Exercise directions -> Find "So that was" and "Clicking the exit" in the records below. Copy the lines holding them and every line between, exactly, and no others.

(Records from a data collection)
_ _ _

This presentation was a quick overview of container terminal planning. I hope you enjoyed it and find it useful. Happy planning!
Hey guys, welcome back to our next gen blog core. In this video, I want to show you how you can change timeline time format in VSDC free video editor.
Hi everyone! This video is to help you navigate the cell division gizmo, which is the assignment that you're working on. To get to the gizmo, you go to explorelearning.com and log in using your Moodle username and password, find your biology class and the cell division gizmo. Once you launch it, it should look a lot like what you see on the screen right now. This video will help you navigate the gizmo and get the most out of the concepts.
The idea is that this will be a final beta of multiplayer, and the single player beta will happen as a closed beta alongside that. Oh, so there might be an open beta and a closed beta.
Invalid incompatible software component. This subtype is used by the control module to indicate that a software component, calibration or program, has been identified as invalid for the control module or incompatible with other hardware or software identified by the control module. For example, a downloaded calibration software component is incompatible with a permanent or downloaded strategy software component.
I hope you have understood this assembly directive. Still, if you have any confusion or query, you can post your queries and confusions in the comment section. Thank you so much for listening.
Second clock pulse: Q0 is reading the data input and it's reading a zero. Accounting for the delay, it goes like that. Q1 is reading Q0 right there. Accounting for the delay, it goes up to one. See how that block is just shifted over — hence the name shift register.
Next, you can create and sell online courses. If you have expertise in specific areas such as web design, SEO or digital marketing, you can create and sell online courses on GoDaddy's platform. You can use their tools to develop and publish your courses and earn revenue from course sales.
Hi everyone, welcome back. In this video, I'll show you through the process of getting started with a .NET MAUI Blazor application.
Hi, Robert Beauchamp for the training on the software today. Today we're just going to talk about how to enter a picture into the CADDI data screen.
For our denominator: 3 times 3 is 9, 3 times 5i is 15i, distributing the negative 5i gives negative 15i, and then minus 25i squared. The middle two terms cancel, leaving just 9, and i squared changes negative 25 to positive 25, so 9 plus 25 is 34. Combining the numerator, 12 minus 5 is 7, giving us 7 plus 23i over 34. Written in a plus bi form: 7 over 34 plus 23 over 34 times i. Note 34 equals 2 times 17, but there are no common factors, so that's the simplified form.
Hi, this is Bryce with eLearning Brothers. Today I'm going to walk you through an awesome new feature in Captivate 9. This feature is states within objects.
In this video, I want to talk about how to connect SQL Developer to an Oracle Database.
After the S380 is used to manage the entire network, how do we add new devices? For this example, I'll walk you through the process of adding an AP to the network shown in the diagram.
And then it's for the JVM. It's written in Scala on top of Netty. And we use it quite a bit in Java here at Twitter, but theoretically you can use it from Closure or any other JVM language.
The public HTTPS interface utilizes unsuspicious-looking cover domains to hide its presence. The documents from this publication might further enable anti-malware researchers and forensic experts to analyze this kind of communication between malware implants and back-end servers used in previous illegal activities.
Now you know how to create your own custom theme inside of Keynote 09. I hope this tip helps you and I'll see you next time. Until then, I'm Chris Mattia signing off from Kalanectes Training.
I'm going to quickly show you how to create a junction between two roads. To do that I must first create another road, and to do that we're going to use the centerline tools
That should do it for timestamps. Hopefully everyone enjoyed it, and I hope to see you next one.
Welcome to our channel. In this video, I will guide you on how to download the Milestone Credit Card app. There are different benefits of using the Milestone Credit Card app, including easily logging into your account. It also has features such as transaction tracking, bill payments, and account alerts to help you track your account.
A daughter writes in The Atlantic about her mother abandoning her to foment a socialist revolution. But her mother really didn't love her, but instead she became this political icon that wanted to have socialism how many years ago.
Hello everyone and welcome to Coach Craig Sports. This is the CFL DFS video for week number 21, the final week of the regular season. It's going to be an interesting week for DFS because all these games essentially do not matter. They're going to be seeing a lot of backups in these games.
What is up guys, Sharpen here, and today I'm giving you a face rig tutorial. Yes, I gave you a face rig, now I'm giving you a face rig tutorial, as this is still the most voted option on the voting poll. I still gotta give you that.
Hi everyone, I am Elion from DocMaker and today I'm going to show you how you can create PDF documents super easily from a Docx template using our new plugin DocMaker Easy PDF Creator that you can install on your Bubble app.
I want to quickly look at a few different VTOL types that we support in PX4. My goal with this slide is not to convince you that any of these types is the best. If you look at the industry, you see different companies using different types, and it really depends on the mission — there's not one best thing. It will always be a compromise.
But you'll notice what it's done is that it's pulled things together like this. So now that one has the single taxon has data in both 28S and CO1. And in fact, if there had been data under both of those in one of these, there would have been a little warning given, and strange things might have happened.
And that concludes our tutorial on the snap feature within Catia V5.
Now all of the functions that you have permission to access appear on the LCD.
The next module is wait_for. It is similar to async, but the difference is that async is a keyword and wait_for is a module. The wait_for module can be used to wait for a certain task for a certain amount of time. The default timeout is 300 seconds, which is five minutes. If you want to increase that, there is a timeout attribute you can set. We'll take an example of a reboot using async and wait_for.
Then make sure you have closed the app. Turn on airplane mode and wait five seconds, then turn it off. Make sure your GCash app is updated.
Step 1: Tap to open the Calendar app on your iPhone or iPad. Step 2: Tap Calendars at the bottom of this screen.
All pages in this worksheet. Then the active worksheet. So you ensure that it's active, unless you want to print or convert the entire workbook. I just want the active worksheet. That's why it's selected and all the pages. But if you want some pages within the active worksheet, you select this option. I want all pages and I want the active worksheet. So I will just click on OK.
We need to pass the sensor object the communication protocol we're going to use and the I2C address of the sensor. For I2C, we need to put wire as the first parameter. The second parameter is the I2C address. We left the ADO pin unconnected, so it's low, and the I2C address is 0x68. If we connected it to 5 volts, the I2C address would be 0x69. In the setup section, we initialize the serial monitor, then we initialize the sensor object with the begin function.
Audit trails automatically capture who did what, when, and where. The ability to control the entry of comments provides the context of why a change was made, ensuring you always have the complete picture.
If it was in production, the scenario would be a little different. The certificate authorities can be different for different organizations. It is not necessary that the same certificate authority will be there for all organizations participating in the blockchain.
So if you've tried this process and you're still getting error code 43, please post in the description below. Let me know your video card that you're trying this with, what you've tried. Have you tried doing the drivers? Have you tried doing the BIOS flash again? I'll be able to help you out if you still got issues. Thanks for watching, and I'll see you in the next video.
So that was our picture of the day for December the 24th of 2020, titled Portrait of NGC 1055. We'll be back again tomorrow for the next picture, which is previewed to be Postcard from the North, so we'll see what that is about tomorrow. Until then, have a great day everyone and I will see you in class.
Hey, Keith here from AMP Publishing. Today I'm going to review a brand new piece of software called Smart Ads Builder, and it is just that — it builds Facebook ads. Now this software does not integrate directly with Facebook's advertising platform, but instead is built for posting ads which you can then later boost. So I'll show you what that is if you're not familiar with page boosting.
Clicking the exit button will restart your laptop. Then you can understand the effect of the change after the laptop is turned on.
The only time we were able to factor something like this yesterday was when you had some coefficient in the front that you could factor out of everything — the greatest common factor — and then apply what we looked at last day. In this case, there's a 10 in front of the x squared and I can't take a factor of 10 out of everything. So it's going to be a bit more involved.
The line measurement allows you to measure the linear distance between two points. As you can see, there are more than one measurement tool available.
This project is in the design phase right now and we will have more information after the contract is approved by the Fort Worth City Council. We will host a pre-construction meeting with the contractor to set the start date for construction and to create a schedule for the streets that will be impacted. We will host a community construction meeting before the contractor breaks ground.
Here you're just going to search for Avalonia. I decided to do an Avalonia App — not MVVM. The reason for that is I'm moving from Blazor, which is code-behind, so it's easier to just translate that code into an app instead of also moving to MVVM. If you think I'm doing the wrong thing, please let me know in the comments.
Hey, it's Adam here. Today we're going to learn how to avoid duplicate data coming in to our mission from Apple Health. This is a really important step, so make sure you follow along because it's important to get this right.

_ _ _

Output of the task ->
So that was our picture of the day for December the 24th of 2020, titled Portrait of NGC 1055. We'll be back again tomorrow for the next picture, which is previewed to be Postcard from the North, so we'll see what that is about tomorrow. Until then, have a great day everyone and I will see you in class.
Hey, Keith here from AMP Publishing. Today I'm going to review a brand new piece of software called Smart Ads Builder, and it is just that — it builds Facebook ads. Now this software does not integrate directly with Facebook's advertising platform, but instead is built for posting ads which you can then later boost. So I'll show you what that is if you're not familiar with page boosting.
Clicking the exit button will restart your laptop. Then you can understand the effect of the change after the laptop is turned on.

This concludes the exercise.